The biggest technical issue for Kavanagh is how the register entry system, one of the two key elements of the new disclosure regime, is likely to work. "We've had a pretty bold vision painted by the ministry as to what that is expected to achieve," Kavanagh said. "But we are still waiting to see what key elements look like - in particular, the entry register which will replace the prospectus as the repository of 'all other material information'.
"If it's done well it will be a fantastic resource, which will put New Zealand disclosure and capital markets at the forefront of world practice. But if they implement something that looks like the rather dense website they currently have with the old companies register then it will be very difficult for investors and commentators to actually find information. "There're some really big opportunities in there for new products and services which is great, things like equity crowd funding and peer-to-peer lending, the new regime for managed investment products, the licensing arrangements and a general focus on growth markets, which I think is very encouraging." Kavanagh said a number of directors and issuers are now seeking guidance around their new responsibilities.
"I'm optimistic that the regime as a whole should help build appropriate and well placed confidence on behalf of investors. The regime as a whole is a significant change for New Zealand, but it is a change that is moving us towards the centre of the OECD practice. The benefit for issuers will be that if investors have more confidence, the issuer's cost of capital should come down, as more investors participate in the market. I think the big challenge for the FMA is to make sure that vision is delivered on."
John-Paul Rice: Russell McVeagh
John-Paul Rice considers an important focus for the FMA will be how well it works with other agencies to promote effective regulation of the market. "The market will be looking, for example, to see whether the principles of co-operation in the memorandum of understanding with the Commerce Commission in practice eliminate any risk of parallel, or at least closely sequential, investigations and non-court enforcement action by the two agencies," he says.
Continuing to negotiate the introduction of the FMCA and the inevitable bumps along the way in an open, consultative way, to ensure fairness for all participants will be a crucial aspect of Everett's new CEO role. Industry participants are keenly awaiting announcements regarding the more detailed regulations to be released later this year.
"We see a lot of positive changes made in the FMCA in terms of disclosure to investors and remedies available where disclosure standards have not been met," says Rice. "Where the rubber hits the road is largely set out in the regulations and we're looking forward to seeing the phase two regulations when they are available.
"The workability of the regime from an industry perspective often comes down to the detailed provisions, and we're hoping the devils have now largely been banished."
Roger Wallis: Chapman Tripp
"Our Australian colleagues are envious of some of the things the FMCA facilitates," says Chapman Tripp's Roger Wallis. He believes the implementation of the new Act will facilitate development of new financial products, or at least simplify some process, while still providing for adequate investor protection.

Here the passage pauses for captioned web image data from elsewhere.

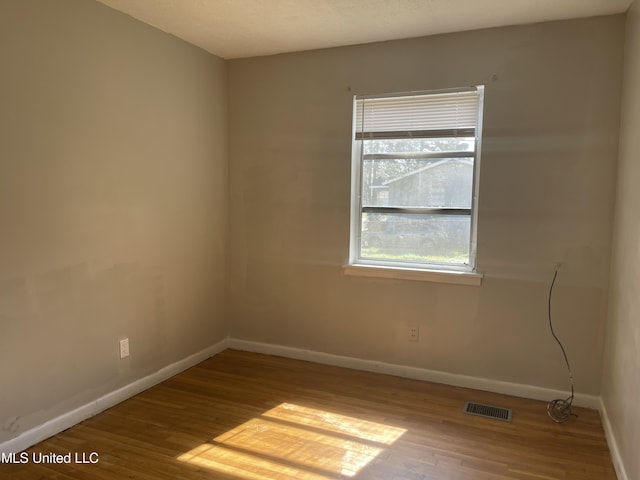 spare room featuring wood finished floors and baseboards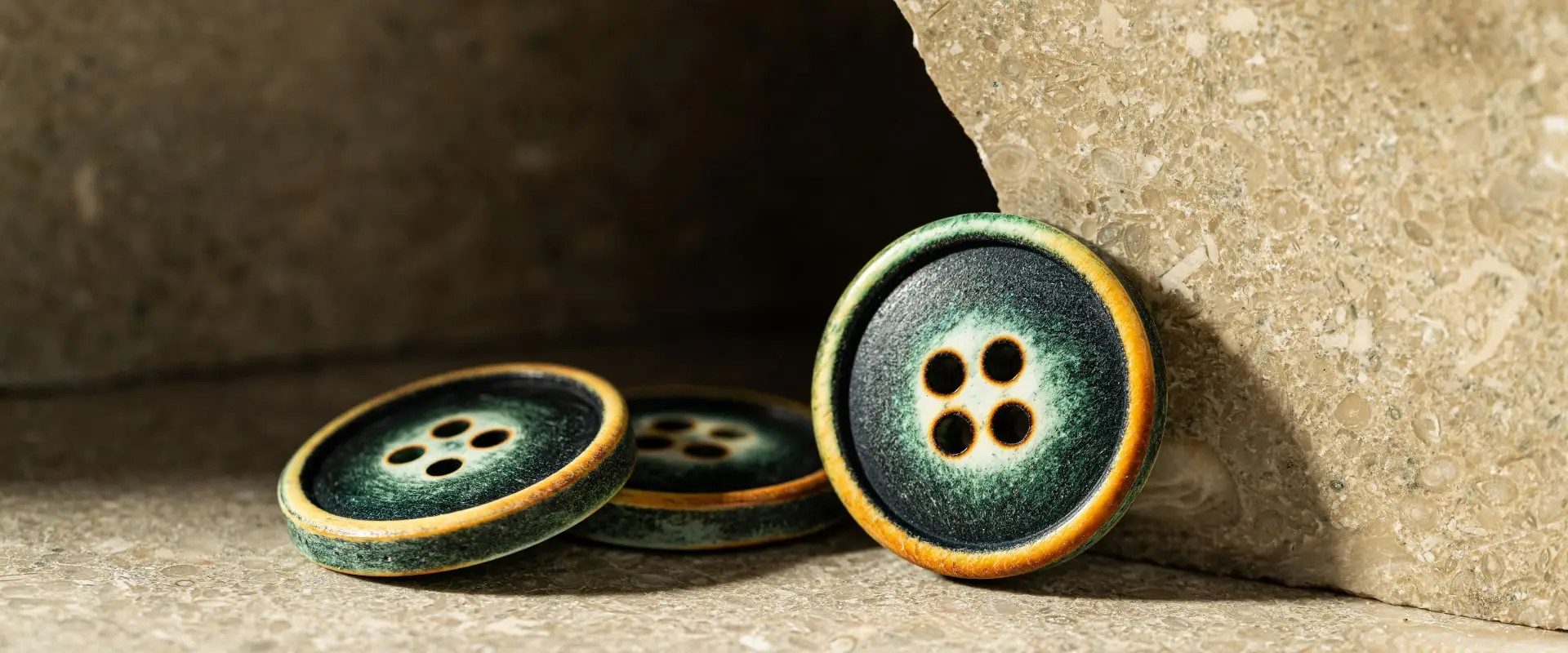 Two green-and-ochre natural buttons against stone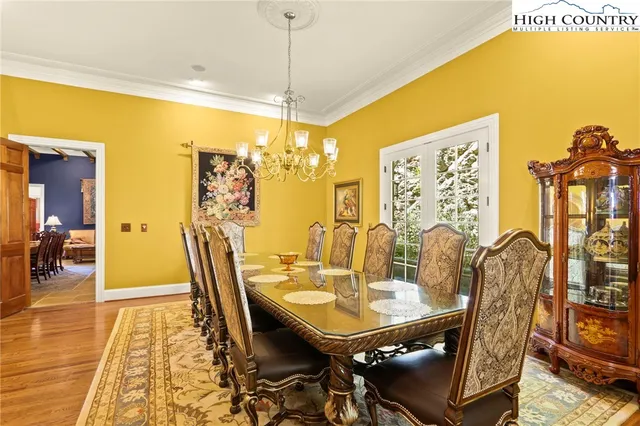 a view of a living room with bathroom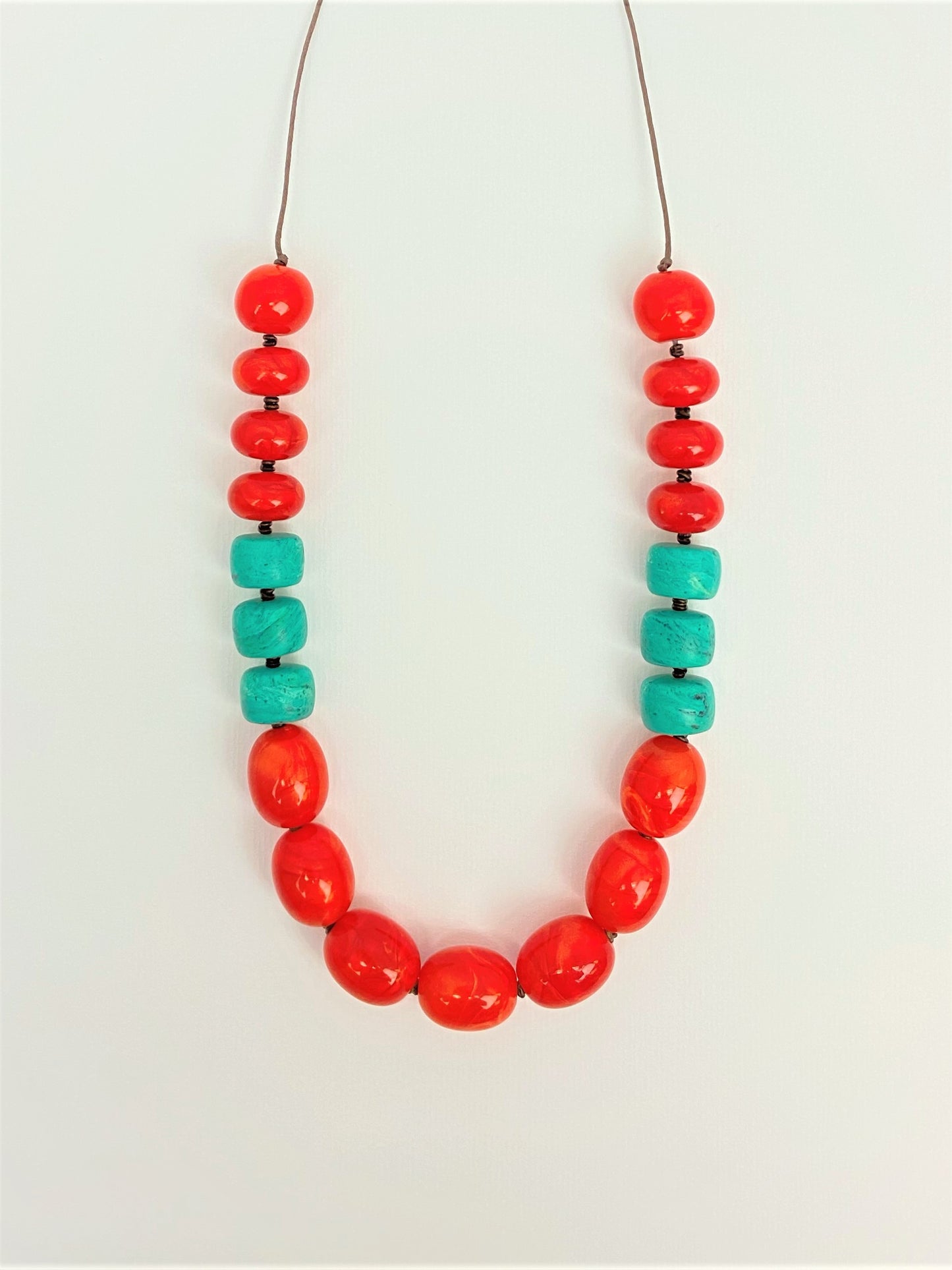 Flaming Teal Bead Necklace by Stage Jewellery with lantern melon beads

Crowd-funding, and low cost, efficient further issues of shares or debt by listed companies, are examples of initiatives which will set New Zealand apart from our Australian counterparts.
Overall, Wallis is optimistic about the impact regulatory changes are likely to have on the market.

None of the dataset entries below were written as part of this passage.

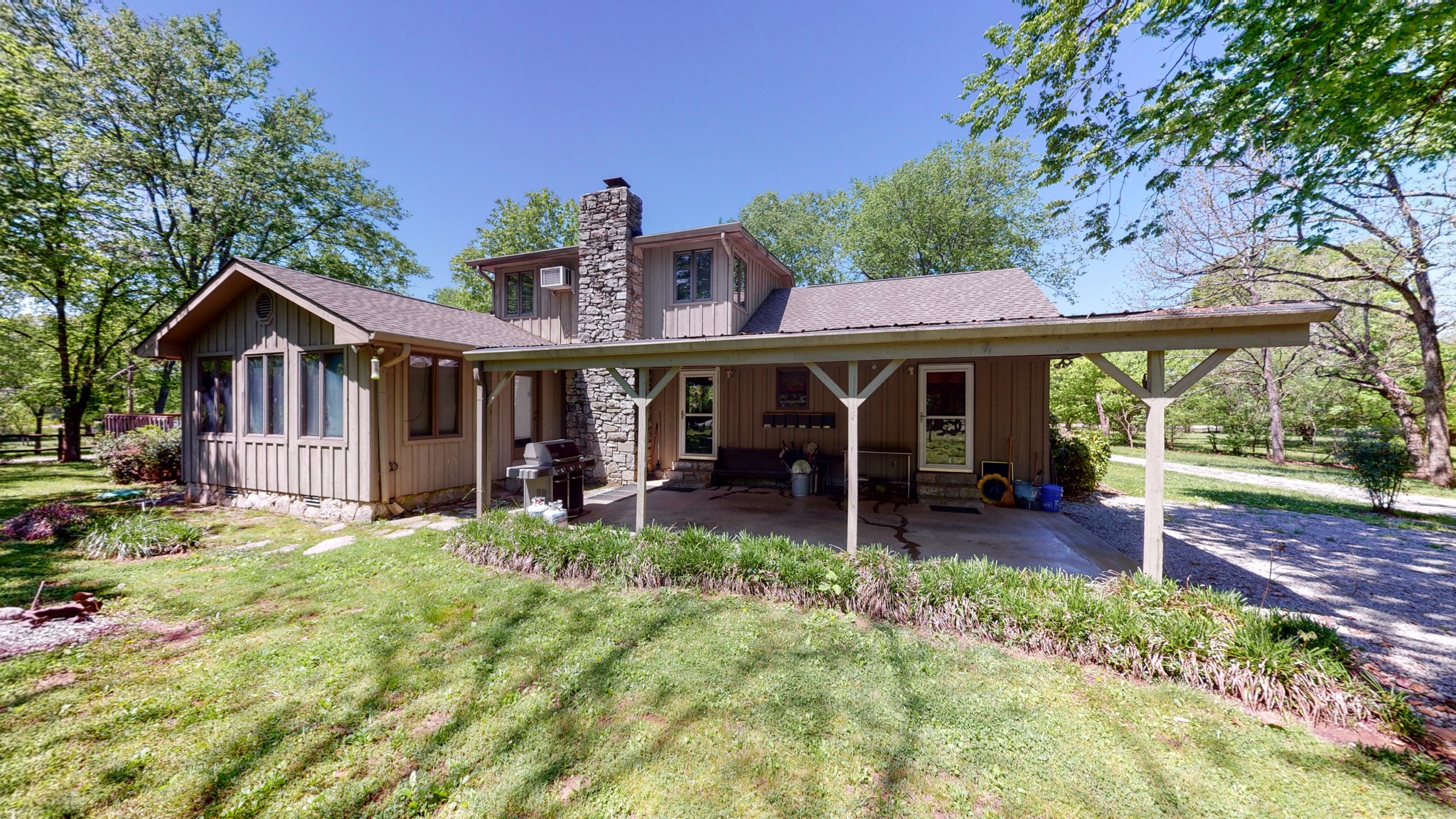 7707 Murfreesboro Road Lebanon, TN 37090 - Photo 6 of 45 a front view of a house with table and chairs in patio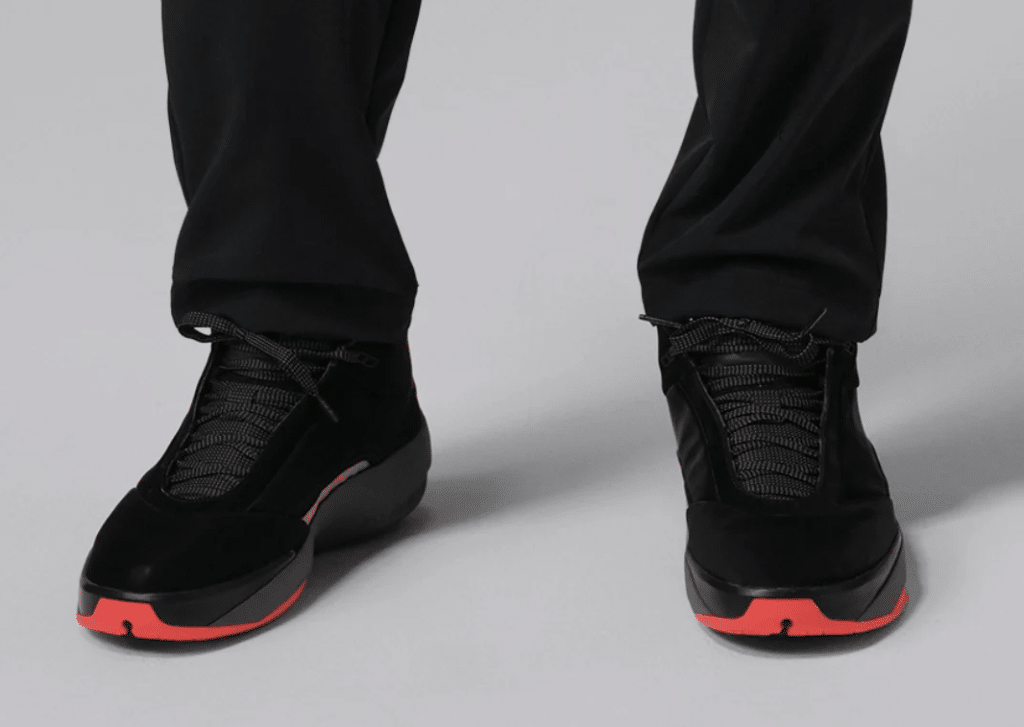 A pair of black sneakers with red soles and laces, worn by a person in black pants on a light gray background.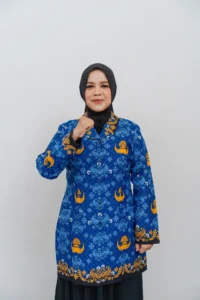 Seorang wanita berpakaian dalam pakaian biru dan emas berdiri dengan tangan terkait, foto ini merupakan profil kepala Kementerian Pendidikan dan Kebudayaan Provinsi Purbalingga.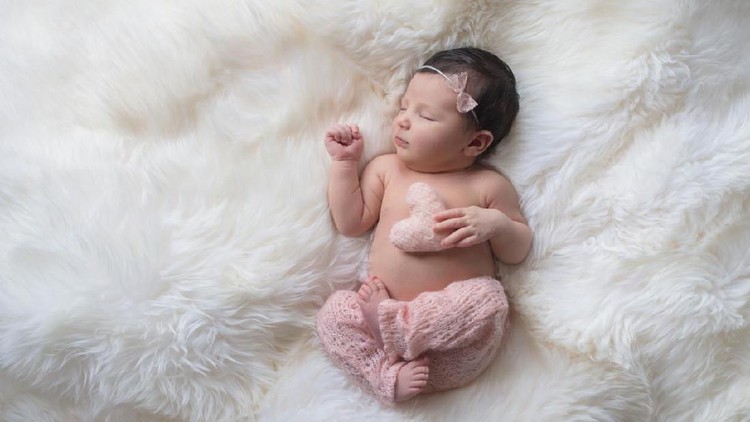 Sleeping, week old newborn baby girl wearing light pink, knitted pants and holding a tiny, heart shaped pillow. Shot in the studio on a white sheepskin rug.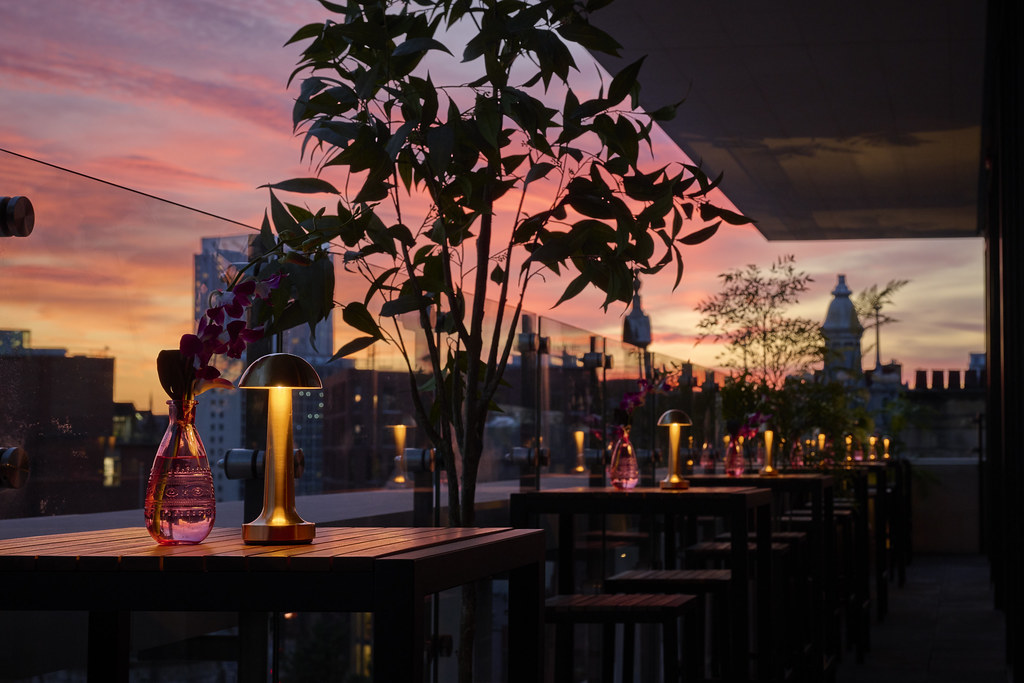 Private outdoor event space at Malmaison Deansgate Hotel with sunset backdrop.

"An apparent pipeline of good quality financial products (whether equity, debt, or funds), some of which are enabled by modernised regulation, and clearer, more useful disclosure, should also help restore investor confidence and diversify away from real property investment."
However, issues do remain for the FMA to tackle under the leadership of its new CEO. Wallis suggests a fresh look at the law on financial advisers would be worthwhile.
"Although reformed in 2008, some of the 'red tape' that has ensued has caused good people to leave the industry." he says. "And some gaps and exclusions that are too wide mean unqualified people can still advise on some asset classes."
More importantly, he considers that some tax policy needs resetting to make markets more efficient, and remove tax biases that exist towards certain asset classes.
Finally, he suggests the FMA should begin to play a role in helping improve financial literacy.
"A number of agencies need to work together to ensure a step change on this, and it needs to be treated more seriously by Government.
"For example, why is basic financial literacy not a core part of the school curriculum?"